- Exercise requirements -
Copy nothing but the lines running from the one containing "Детская футболка хлопок" through the end of the listing below. Drop the pictures.

- Dataset entries -
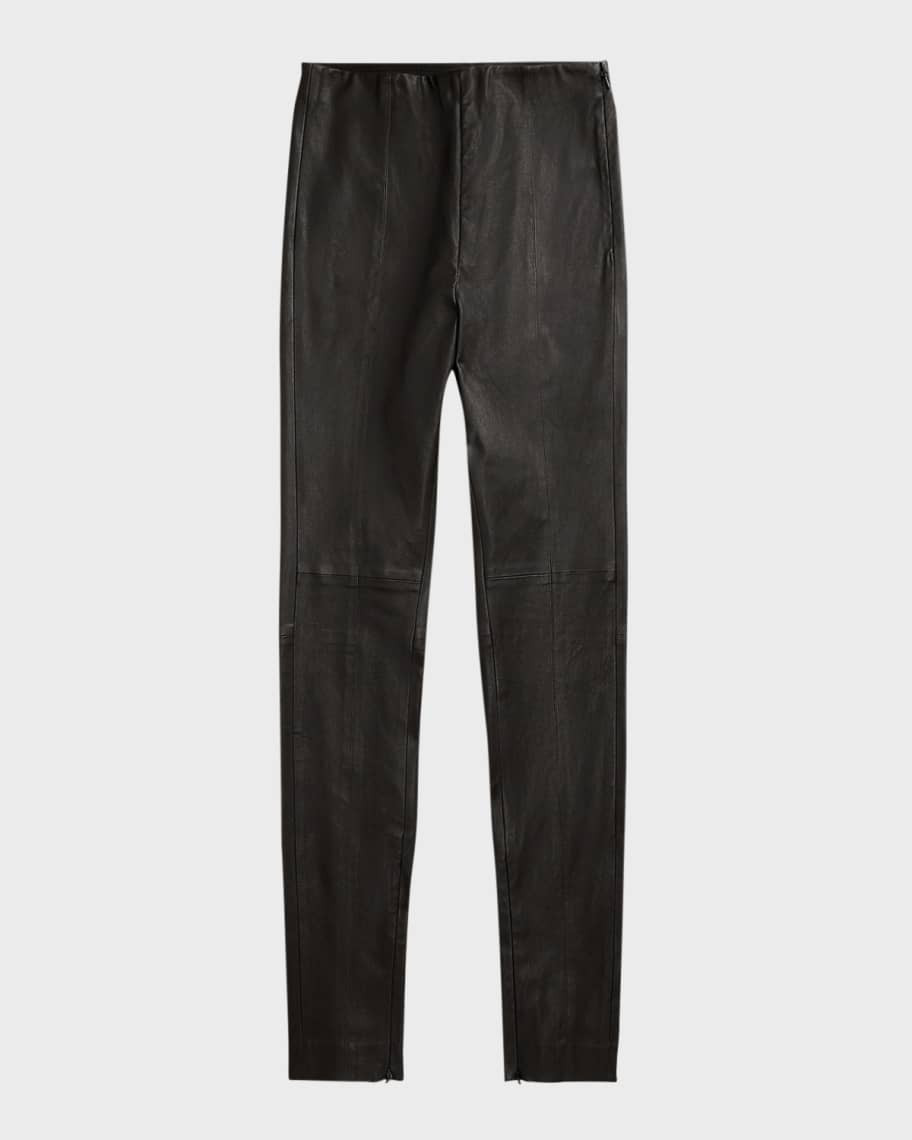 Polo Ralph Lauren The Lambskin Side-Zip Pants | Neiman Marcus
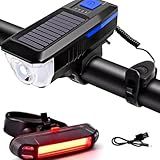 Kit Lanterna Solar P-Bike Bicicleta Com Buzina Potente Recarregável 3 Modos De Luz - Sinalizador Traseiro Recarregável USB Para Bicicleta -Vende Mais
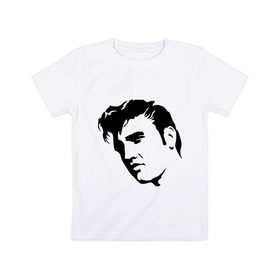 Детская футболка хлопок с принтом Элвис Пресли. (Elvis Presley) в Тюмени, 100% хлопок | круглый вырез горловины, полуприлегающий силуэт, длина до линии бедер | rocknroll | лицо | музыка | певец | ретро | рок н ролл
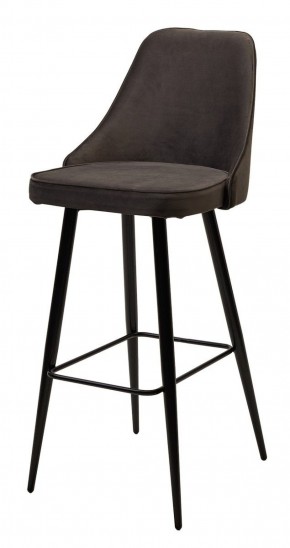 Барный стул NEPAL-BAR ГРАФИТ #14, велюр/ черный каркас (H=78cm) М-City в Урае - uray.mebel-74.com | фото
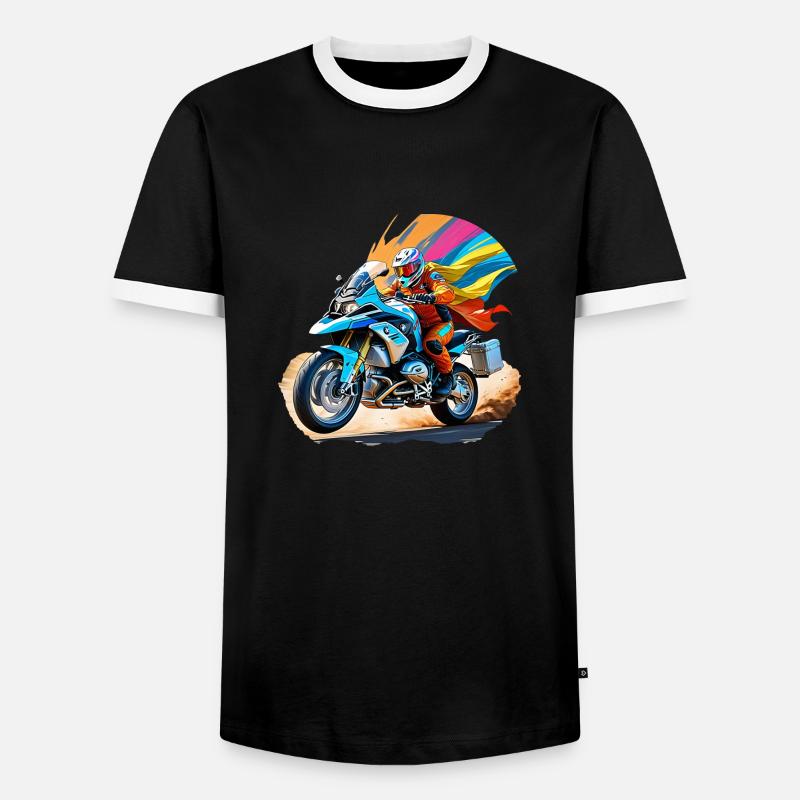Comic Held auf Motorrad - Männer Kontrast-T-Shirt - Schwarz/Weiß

- Answer to this exercise -
 Детская футболка хлопок с принтом Элвис Пресли. (Elvis Presley) в Тюмени, 100% хлопок | круглый вырез горловины, полуприлегающий силуэт, длина до линии бедер | rocknroll | лицо | музыка | певец | ретро | рок н ролл
 Барный стул NEPAL-BAR ГРАФИТ #14, велюр/ черный каркас (H=78cm) М-City в Урае - uray.mebel-74.com | фото
Comic Held auf Motorrad - Männer Kontrast-T-Shirt - Schwarz/Weiß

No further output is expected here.